Boeing (BA 2.58%) shareholders have endured a miserable year, with the stock losing about half of its value in 2020 due to pandemic-related fears and issues with one of its most important aircraft.
The company has an impressive portfolio of assets and is unlikely to remain down forever. Yet the challenges Boeing faces aren't easily solved.
Here's a look at the near-term outlook for Boeing to try to figure out what the company might look like a year from now.
The 737 MAX should be airborne again...
Boeing's troubles date back to the March 2019 grounding of the 737 MAX following a pair of fatal accidents. The plane has not yet been recertified to fly, and it's costing Boeing millions per day.
Boeing has burnt through more than $15 billion in the first nine months of 2020 thanks in large part to costs associated with keeping the 737 supply chain afloat and customers happy, as well as maintaining the more than 400 planes that have been built but not yet delivered during the grounding.

Image source: Boeing.
After a series of missed internal deadlines, it appears the 737 MAX will fly before year's end. That's pivotal to the bull case for Boeing, because as deliveries resume, some of the expenses will go away and Boeing will begin to generate cash from the airplane again.
But even after the plane is flying again, it might never be the best-seller Boeing had originally hoped it would be. Prior to the grounding, Boeing had hoped to be manufacturing more than 55 737 MAX planes per month by now. But the company will make fewer than 80 in all of 2020 and currently expects production to gradually ramp up to 31 per month by the beginning of 2022.
...But it will still be a tough market for airplane sales
While the 737 MAX wounded Boeing, it was COVID-19 that really sunk the stock. Airlines have been among the sectors hardest-hit by the pandemic, and it will be years before carriers are focused on growth again.
Boeing is preparing for the worst. The company has slashed its 10-year demand forecast, cut production plans, and is consolidating production of its once hot-selling Dreamliner to one facility. Boeing intends to shed more than 30,000 employees by the end of 2021, nearly 20% of its total headcount heading into 2020.
Even as demand returns, Boeing's lineup is not well suited for what airlines are likely to want to buy. With smaller planes expected to be the focus through the middle part of the decade, archrival Airbus (EADSY 1.36%) should do well selling the 100- to 150-seat A220, a plane it acquired from Bombardier in 2018.
Boeing's plan to counter the A220, buying control of the commercial operation of Embraer and gaining access to Embraer's similarly sized E2 jet, fell apart in the early days of the pandemic. The company's sales team will instead have to push the 737 MAX -- which is larger and more expensive -- and will be trying to rebound from post-grounding reputational damage.
Where will Boeing be in November 2021?
If nothing else, we know Boeing will be around a year from now. That sounds glib, but before the company raised $25 billion to shore up its liquidity back in April, there was some reason for concern. We also know, based on Boeing's own forecast and production revisions, that the business will not have recovered in a year's time.
For investors, the question is whether Boeing will be far enough along in a recovery a year from now to make the stock worth buying into. I doubt that will be the case.

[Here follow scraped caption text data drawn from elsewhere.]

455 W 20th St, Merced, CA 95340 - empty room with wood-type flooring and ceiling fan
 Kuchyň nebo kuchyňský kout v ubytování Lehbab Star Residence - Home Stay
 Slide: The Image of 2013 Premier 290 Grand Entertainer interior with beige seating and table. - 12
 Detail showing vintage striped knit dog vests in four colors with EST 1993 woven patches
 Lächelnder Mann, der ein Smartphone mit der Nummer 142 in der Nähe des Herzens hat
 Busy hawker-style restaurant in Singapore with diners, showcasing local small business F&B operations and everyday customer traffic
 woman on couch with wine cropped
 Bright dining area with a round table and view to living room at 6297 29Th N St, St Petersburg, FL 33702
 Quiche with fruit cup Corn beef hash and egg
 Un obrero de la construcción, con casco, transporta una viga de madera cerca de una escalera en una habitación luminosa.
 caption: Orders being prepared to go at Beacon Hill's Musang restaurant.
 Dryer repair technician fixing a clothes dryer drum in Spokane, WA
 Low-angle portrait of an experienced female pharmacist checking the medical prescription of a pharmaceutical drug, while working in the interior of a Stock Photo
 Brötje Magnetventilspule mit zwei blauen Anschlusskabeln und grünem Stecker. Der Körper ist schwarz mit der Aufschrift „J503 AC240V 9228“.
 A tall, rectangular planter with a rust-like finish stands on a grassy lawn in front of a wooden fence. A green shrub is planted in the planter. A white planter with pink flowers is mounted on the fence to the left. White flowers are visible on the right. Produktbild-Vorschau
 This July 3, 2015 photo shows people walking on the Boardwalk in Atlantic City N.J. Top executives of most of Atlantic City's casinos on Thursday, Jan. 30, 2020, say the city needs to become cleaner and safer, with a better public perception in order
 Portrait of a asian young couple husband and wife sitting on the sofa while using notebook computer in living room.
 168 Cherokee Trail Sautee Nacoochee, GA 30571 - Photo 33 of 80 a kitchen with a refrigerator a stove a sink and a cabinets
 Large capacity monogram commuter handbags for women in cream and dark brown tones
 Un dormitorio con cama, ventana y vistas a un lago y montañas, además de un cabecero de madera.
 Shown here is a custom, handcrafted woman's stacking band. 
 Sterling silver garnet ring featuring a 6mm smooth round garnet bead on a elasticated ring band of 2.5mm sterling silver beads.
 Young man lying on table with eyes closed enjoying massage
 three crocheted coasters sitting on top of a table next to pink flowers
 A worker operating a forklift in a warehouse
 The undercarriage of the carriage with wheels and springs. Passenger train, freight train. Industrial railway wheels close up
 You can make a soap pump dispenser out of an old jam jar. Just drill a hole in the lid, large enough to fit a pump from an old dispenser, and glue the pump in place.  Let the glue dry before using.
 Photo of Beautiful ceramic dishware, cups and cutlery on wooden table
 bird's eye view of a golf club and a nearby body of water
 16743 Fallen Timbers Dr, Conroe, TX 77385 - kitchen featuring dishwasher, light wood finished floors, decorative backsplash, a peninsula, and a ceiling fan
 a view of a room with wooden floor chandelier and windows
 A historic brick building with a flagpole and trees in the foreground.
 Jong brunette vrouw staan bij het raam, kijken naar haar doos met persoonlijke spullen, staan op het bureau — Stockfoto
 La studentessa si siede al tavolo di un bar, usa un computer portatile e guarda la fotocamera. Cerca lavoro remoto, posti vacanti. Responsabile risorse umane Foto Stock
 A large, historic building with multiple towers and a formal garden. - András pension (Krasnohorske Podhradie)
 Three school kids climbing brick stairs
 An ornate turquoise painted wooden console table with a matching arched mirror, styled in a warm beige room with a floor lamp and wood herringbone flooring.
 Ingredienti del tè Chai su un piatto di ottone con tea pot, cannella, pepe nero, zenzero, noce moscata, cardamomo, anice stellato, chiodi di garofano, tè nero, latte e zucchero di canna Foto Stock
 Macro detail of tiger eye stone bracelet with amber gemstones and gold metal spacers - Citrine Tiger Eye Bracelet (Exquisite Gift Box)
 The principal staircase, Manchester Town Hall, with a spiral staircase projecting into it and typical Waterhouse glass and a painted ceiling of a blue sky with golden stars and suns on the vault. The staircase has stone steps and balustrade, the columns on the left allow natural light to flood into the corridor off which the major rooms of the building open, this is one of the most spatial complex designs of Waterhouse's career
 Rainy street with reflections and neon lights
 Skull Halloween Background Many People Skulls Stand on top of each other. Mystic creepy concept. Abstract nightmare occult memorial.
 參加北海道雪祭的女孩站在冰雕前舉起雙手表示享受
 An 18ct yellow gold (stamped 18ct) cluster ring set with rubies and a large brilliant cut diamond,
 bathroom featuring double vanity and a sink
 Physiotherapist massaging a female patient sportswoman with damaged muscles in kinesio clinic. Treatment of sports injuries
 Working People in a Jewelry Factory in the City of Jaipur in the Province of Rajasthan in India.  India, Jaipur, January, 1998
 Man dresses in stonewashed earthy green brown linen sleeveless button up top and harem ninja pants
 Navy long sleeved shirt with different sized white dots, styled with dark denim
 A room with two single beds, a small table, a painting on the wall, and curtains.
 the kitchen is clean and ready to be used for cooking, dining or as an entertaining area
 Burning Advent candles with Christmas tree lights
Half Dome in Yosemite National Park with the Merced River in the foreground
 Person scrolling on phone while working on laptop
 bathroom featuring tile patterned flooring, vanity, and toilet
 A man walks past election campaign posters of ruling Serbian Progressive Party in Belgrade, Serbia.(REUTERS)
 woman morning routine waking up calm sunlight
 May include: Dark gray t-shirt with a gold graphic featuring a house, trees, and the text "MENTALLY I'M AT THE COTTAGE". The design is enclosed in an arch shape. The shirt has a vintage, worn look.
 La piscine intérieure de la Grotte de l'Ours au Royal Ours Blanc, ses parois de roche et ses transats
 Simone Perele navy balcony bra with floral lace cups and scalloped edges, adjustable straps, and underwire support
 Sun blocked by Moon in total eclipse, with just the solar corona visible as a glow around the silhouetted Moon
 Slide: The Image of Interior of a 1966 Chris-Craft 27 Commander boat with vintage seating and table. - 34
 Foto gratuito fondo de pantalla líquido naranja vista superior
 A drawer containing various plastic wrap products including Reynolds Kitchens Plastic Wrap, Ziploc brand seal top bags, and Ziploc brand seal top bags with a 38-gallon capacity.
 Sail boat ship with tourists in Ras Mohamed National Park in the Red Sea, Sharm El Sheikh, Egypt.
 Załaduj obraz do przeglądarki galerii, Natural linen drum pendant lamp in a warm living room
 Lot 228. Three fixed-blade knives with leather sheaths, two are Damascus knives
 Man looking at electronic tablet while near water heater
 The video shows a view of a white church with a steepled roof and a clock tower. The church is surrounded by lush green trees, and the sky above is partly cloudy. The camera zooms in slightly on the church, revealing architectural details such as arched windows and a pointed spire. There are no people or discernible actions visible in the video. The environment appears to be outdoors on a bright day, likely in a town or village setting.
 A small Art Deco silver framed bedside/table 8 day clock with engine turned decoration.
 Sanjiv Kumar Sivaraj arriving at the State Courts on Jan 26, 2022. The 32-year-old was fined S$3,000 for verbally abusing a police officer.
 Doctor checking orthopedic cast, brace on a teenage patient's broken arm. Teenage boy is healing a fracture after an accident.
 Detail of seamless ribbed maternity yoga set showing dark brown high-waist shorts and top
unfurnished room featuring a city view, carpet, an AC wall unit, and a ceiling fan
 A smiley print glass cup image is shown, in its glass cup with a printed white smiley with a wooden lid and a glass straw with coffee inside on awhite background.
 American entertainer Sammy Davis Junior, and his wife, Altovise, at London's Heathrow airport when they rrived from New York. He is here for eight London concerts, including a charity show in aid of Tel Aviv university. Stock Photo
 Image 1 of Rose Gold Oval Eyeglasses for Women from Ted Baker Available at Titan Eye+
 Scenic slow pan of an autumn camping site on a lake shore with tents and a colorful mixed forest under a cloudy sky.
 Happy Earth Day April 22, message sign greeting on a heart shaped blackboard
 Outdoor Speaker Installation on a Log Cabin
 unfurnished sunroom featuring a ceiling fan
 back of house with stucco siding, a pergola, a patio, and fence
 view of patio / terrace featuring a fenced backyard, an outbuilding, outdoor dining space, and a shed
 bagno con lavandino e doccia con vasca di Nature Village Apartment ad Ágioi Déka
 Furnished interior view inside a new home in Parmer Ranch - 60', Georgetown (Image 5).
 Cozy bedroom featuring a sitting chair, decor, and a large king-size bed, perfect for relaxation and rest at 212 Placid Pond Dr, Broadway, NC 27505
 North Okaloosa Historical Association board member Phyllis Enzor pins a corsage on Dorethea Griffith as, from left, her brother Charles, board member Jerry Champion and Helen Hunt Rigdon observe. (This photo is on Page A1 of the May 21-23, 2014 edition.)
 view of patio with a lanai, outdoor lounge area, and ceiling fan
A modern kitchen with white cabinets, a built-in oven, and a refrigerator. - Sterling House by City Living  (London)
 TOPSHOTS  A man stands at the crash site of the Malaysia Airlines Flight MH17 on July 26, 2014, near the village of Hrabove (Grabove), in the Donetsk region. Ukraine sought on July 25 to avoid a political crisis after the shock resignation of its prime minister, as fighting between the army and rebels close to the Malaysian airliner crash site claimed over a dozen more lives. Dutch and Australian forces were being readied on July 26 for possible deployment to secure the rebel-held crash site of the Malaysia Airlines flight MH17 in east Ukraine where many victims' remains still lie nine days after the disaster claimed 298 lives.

Boeing doesn't expect free cash flow to turn positive before 2022, a testament to how long it expects it to take to work through its 737 MAX inventory and for production to begin to normalize. The company also has more than $60 billion in debt, nearly six times what it had just a few years ago. Its defense business will help cushion the blow from commercial, but Boeing cannot return to its pre-pandemic size and strength until commercial is doing much of the heavy lifting.
In a year's time, Boeing will likely be slightly better off than it is right now, still in the early days of a multiyear recovery. For those interested in investing in an eventual airline and commercial aerospace recovery, there are better options than Boeing right now.